Desta Haileselassie Hagos successfully completed his PhD trial lecture and thesis defense at the University of Oslo on Wednesday, the 15th of April 2020 and will be awarded the degree of Doctor of Philosophy.
The title of his thesis is “Discovering the Dynamic Complexity of TCP Using Machine Learning and Deep Learning Techniques” and the given topic for his trial lecture was “MultiPath TCP and RTP / RTCP protocols: motivations, mechanisms, deployment, and performances”.
The doctoral thesis mainly focuses on monitoring of internal TCP conditions in the end nodes, based on analysis of passive traffic measurements carried out in an intermediate node in the network. The research is believed to be industry-relevant, as passive traffic measurement is a method increasingly used by network operators and Internet service providers to analyze the communication performance of network-based applications and services. The work proposes different models and solutions for predicting TCP conditions in the end node, and presents experiments that indicate that the predictions provide relatively good accuracy over different validation scenarios and over the use of different TCP variants.

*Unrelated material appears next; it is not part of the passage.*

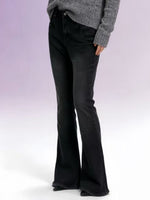 Person wearing black flared jeans and a gray sweater on a white background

The work presented in this dissertation aims to obtain detailed knowledge about the end hosts by monitoring information of the packets that pass through the network, and by employing machine learning and deep learning-based techniques on the monitored network traffic. Since machine learning and deep learning methods are good at coping with complex tasks and massive amounts of data, they might play an important role in predicting the TCP per-connection internal states. Understanding the dynamic complexity of the internal states of TCP is a fundamental challenge, and especially demanding due to the dynamics and complexity of modern networks. Even though this is the main objective of the dissertation, our work shows that related techniques can also be used to find other information about the hosts,
The analyzes of this dissertation focus mainly on TCP internal state monitoring from passive traffic measurements. We believe that our work will be useful to the industry as passive measurements are becoming increasingly useful for network operators and Internet Service Providers to evaluate the communication performance of applications and services running on their networks. Our experimental results indicate the effectiveness of the proposed prediction models with reasonably good accuracy across different validation scenarios and multiple TCP variants
The following committee has been appointed to evaluate his thesis, trial lecture and defense:
- First external opponent: Professor Nadjib Aait Saadi, UVSQ Paris-Saclay University, France.
- Second external opponent: Associate Professor Marija Slavkovik, University of Bergen, Norway.
- Internal member and committee administrator: Professor Josef Noll, Department of Technology Systems, University of Oslo.
Desta Haileselassie Hagos carried out his PhD work at the Department of Technology Systems, University of Oslo.
His main supervisor was Professor Paal Einar Engelstad, Department of Technology Systems, University of Oslo and co-supervisors Professor Øivind Kure, Department of Technology Systems, University of Oslo and Professor Anis Yazidi, OsloMet.